A “overdose” mediática servida em nome do “interesse público”

Os autores recordam outros acontecimentos recentes em que foi usado este “jornalismo de corte”, como o anterior “casamento principesco” de 2011 (William e Catherine Middleton), ou “a cobertura indescritível e semelhantemente uniforme do falecimento da Princesa de Gales (Lady Diana) a 31 de Agosto de 1997”.
Citam depois Serge Halimi - cujo livro “Les Nouveaux Chiens de Garde” teve a sua primeira edição precisamente nese ano de 1997 - e que afirmou na altura que “a missão do jornalista consiste em tornar interessante aquilo que é importante, e não tornar importante o que é interessante; o destino de África é talvez menos ‘interessante’ do que as condições da morte da Princesa de Gales, mas é infinitamente mais importante”.
Voltando ao texto que citamos, “para justificar as suas escolhas, as chefias editoriais não hesitam em invocar ‘o interesse’ do público” mas, neste caso, “a cobertura mediática totalmente desproporcionada deste casamento” - como confirmam os próprios media presentes.

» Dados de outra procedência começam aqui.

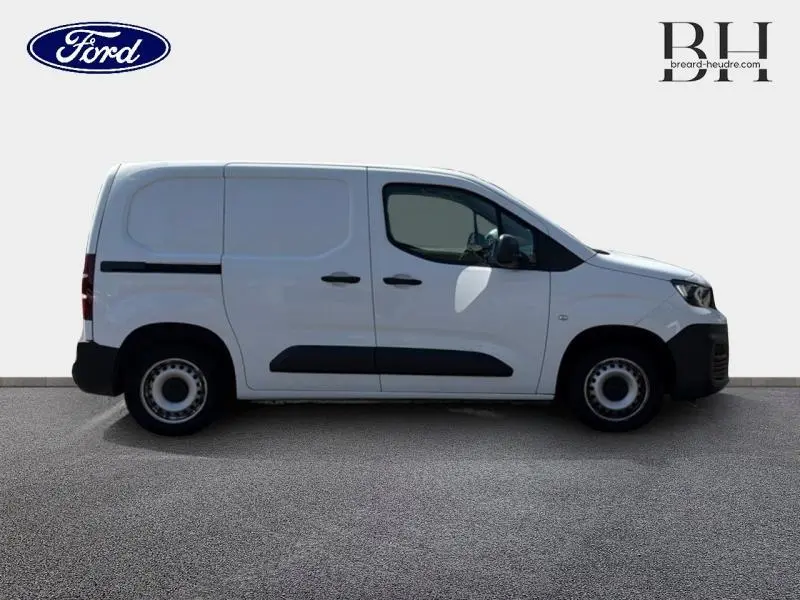 Vue latérale droite d'un Peugeot Partner blanc Icy 2019 avec portes arrière battantes et protections noires sur les portières.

Assim, Le Figaro já constatava, em texto anterior ao acto, que, das cerca de 100 mil pessoas esperadas em Windsor para participar nas festividades, muitas seriam turistas estrangeiros, ou simplesmente tentadas a ver passar os recém-casados na carruagem. O mesmo jornal citava uma sondagem divulgada no Reino Unido, segundo a qual “66% dos britânicos não estão interessados pelo casamento de Harry e Megan”. O que não impediu a sua redacção de montar um dispositivo excepcional para seguir a cerimónia, com directos do local e convidados especiais em estúdio, além de chamadas aos seus correspondentes em Londres e Washington.

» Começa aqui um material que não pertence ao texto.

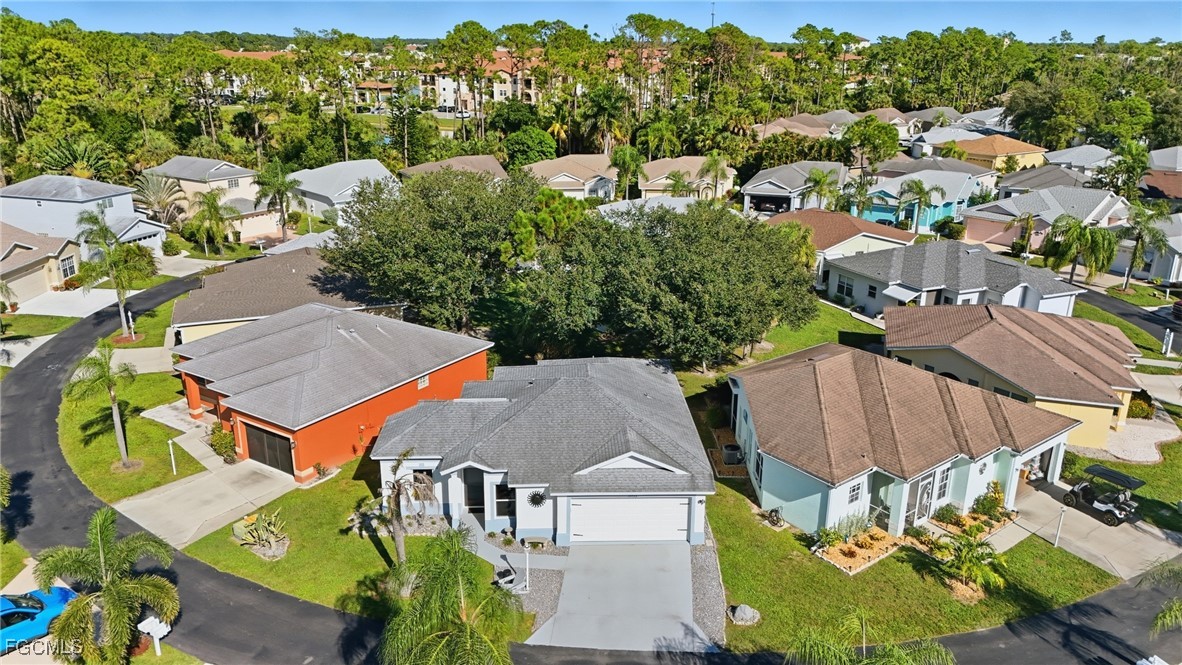 an aerial view of multiple houses with yard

O texto que citamos menciona ainda Alex Taylor, jornalista britânico recentemente naturalizado francês, que afirmou em tweet: “Segundo uma sondagem, 66% dos britânicos não se interessam de todo pelo casamento real... contrariamente a 100% dos jornalistas franceses, que me deitam por cima um autêntico confetti de mansagens, por estes dias.” (...)

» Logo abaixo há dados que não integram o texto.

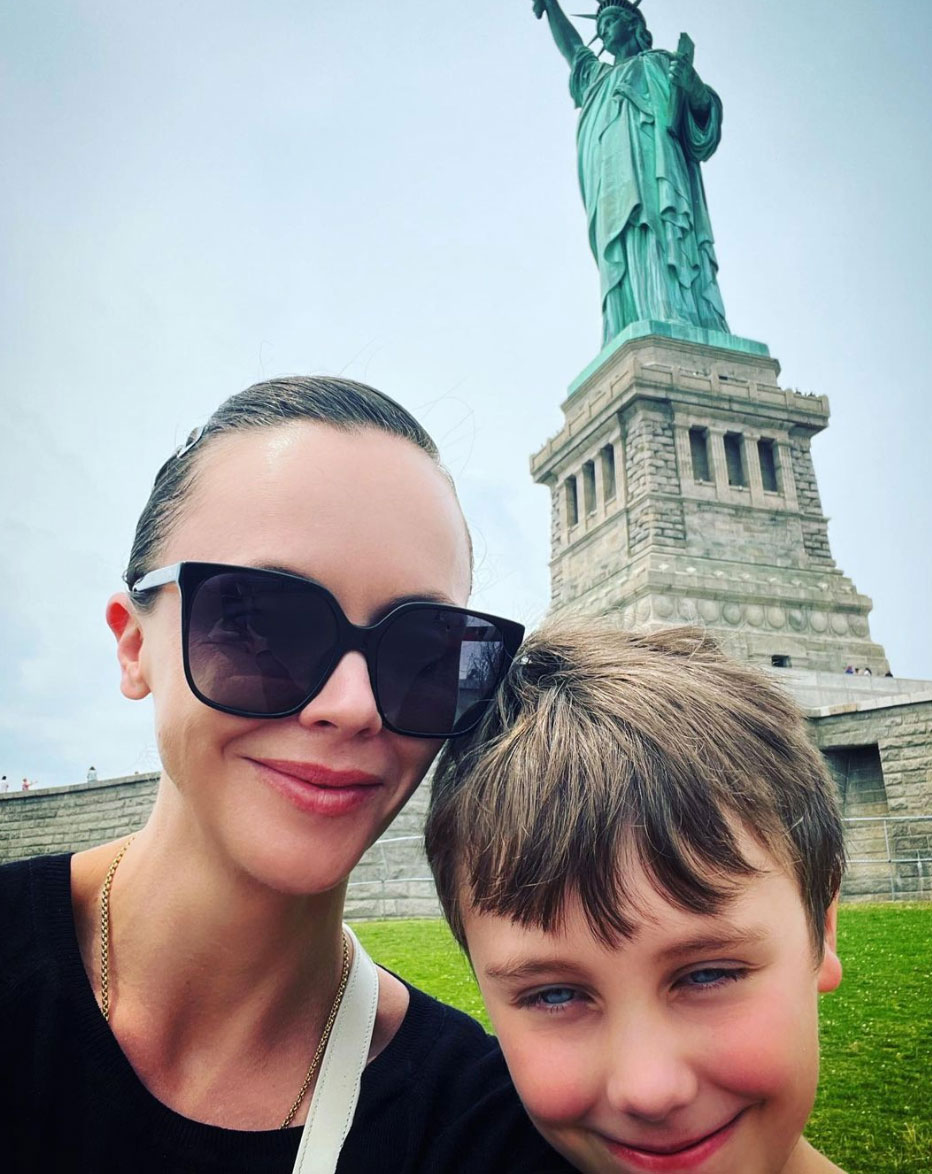 Christina Ricci and her son posing in front of the Statue of Liberty.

Em última instância, como concluem os seus autores, a “motivação profunda” das redacções que fizeram tantas edições especiais é bem trivial: trata-se da “corrida aos índices de audiência”, que é “o verdadeiro princípio regulador da indústria mediática, como as curvas de vendas dos iogurtes são para a indústria agro-alimentar. (...) Com a qualidade da informação como vítima colateral.”